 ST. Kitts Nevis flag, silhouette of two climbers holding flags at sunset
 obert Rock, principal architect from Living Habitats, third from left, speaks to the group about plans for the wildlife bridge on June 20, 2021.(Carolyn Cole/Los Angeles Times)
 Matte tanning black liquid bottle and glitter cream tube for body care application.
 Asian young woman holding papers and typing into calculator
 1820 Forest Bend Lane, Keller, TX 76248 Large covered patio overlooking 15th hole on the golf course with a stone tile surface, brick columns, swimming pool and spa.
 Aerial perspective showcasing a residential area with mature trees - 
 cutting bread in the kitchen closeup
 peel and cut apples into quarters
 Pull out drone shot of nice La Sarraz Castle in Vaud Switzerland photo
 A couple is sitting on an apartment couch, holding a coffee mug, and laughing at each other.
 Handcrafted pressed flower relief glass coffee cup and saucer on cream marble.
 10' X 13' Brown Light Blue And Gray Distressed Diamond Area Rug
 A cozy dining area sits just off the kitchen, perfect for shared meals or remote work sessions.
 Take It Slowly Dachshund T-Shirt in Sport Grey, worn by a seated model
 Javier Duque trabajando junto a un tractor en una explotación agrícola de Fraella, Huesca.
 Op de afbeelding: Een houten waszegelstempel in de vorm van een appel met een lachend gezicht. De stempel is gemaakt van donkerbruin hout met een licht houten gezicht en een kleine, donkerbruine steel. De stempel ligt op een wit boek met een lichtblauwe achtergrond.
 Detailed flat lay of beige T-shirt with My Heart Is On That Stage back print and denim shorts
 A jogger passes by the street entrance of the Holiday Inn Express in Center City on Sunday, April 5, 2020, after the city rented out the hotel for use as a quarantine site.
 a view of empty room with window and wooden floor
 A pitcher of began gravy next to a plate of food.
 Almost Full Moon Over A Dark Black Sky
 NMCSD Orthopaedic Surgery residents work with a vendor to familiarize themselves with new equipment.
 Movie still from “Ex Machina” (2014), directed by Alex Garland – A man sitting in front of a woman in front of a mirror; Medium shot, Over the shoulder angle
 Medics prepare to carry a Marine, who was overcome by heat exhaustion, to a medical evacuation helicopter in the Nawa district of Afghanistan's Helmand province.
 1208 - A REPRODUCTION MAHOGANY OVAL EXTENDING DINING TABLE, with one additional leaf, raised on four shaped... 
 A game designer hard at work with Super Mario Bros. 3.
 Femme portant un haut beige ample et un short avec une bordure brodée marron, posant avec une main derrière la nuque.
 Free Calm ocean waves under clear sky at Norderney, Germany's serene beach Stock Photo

────

- _What you should do_
Write out the whole listing above once more, exactly.

- _The completed task_
 ST. Kitts Nevis flag, silhouette of two climbers holding flags at sunset
 obert Rock, principal architect from Living Habitats, third from left, speaks to the group about plans for the wildlife bridge on June 20, 2021.(Carolyn Cole/Los Angeles Times)
 Matte tanning black liquid bottle and glitter cream tube for body care application.
 Asian young woman holding papers and typing into calculator
 1820 Forest Bend Lane, Keller, TX 76248 Large covered patio overlooking 15th hole on the golf course with a stone tile surface, brick columns, swimming pool and spa.
 Aerial perspective showcasing a residential area with mature trees - 
 cutting bread in the kitchen closeup
 peel and cut apples into quarters
 Pull out drone shot of nice La Sarraz Castle in Vaud Switzerland photo
 A couple is sitting on an apartment couch, holding a coffee mug, and laughing at each other.
 Handcrafted pressed flower relief glass coffee cup and saucer on cream marble.
 10' X 13' Brown Light Blue And Gray Distressed Diamond Area Rug
 A cozy dining area sits just off the kitchen, perfect for shared meals or remote work sessions.
 Take It Slowly Dachshund T-Shirt in Sport Grey, worn by a seated model
 Javier Duque trabajando junto a un tractor en una explotación agrícola de Fraella, Huesca.
 Op de afbeelding: Een houten waszegelstempel in de vorm van een appel met een lachend gezicht. De stempel is gemaakt van donkerbruin hout met een licht houten gezicht en een kleine, donkerbruine steel. De stempel ligt op een wit boek met een lichtblauwe achtergrond.
 Detailed flat lay of beige T-shirt with My Heart Is On That Stage back print and denim shorts
 A jogger passes by the street entrance of the Holiday Inn Express in Center City on Sunday, April 5, 2020, after the city rented out the hotel for use as a quarantine site.
 a view of empty room with window and wooden floor
 A pitcher of began gravy next to a plate of food.
 Almost Full Moon Over A Dark Black Sky
 NMCSD Orthopaedic Surgery residents work with a vendor to familiarize themselves with new equipment.
 Movie still from “Ex Machina” (2014), directed by Alex Garland – A man sitting in front of a woman in front of a mirror; Medium shot, Over the shoulder angle
 Medics prepare to carry a Marine, who was overcome by heat exhaustion, to a medical evacuation helicopter in the Nawa district of Afghanistan's Helmand province.
 1208 - A REPRODUCTION MAHOGANY OVAL EXTENDING DINING TABLE, with one additional leaf, raised on four shaped... 
 A game designer hard at work with Super Mario Bros. 3.
 Femme portant un haut beige ample et un short avec une bordure brodée marron, posant avec une main derrière la nuque.
 Free Calm ocean waves under clear sky at Norderney, Germany's serene beach Stock Photo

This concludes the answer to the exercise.